FUEN Başkanı devamla, karşılaşılan yeni sorunların azınlık haklarına ilişkin yeni bir enstrüman nesline ihtiyaç duyduğuna değindi. Ona göre her iki enstrüman parçası artık eskimiş olup, dijitalleşme, yapay zeka veya çok dilliğe dair en son araştırmalar gibi yeni gereksinimler toplulumuzda yeterli düzeydeki bir katma değer olarak algılanmamaktadır.

Avrupa Birliği'nin rolü hakkında söz eden Lorant Vincze; AB'nin, Venedig Komisyonun'nun da önerileriyle ortaya koymuş olduğu gibi, çerçeve anlaşmasını ve dil şartnamesinin daha da ciddiye alması ve yasal devlet gözetimi içine çekmesi gerektiğine işaret etti.

Vincze sözlerine şöyle son verdi: ''Avrupa Konseyi ve Avrupa Birliği karşılıklı bağımlılık ve ve işbirliği konusunda uzun bir geleneğe sahiptir.
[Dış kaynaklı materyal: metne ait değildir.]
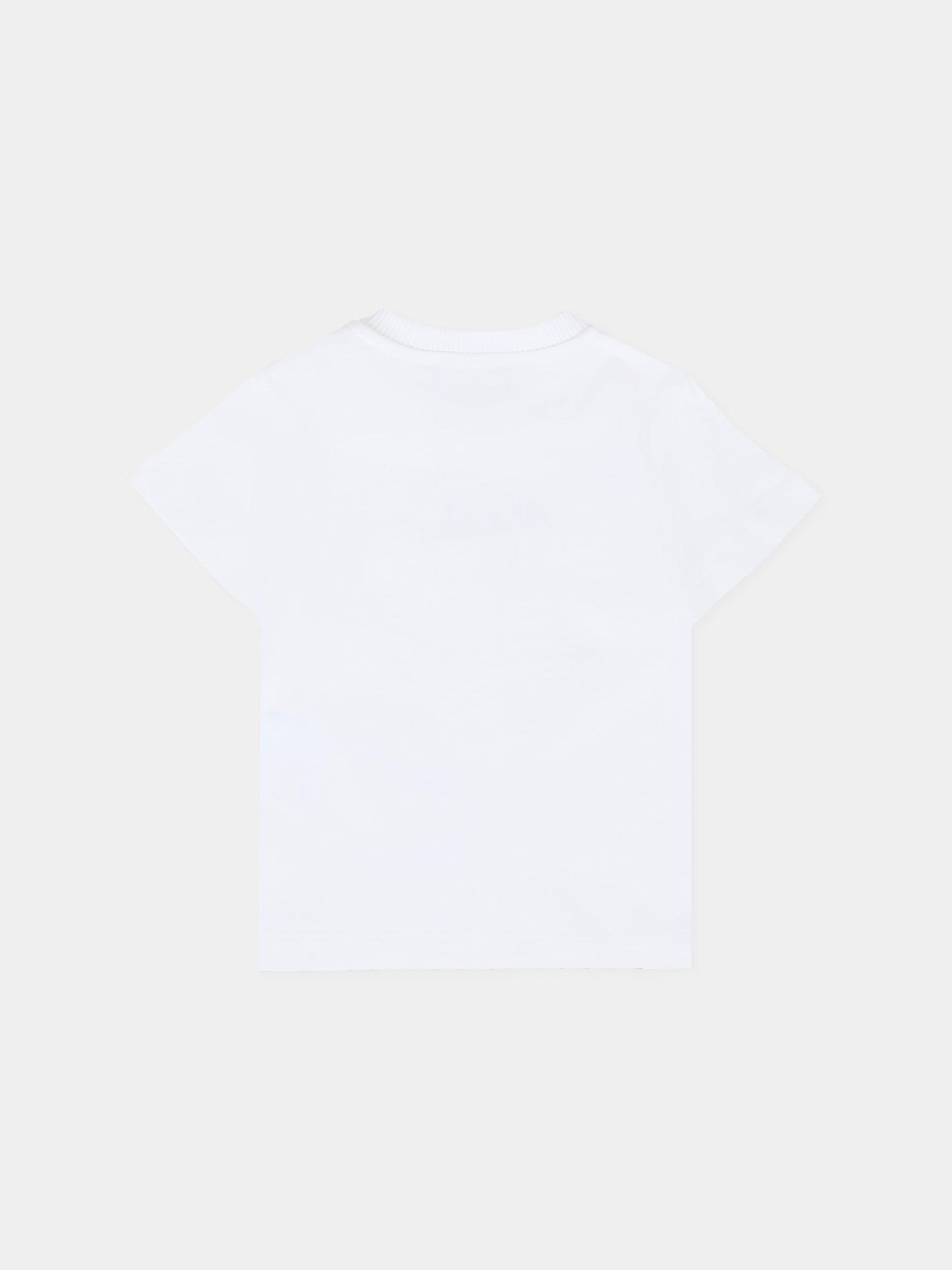 T-shirt bianca per neonata con logo ricamato,Moschino Kids,MQM047 LAA01 10101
Avrupa Komisyonu tarafından eliştirilmiş olan standartlar çoğunluk itibariyle AB-Üyeliğe alınış insan hakları, demokrasi ve hukuk devleti olma kriterlerinin çekirdeğini oluşturmaktadır. Bu durum ulusal azınlıklar alanında da böyle olabilirdi ve her iki taraf böylece güçlendirilmiş bir ilişkiden sadece kazanç sağlayabilerdi''.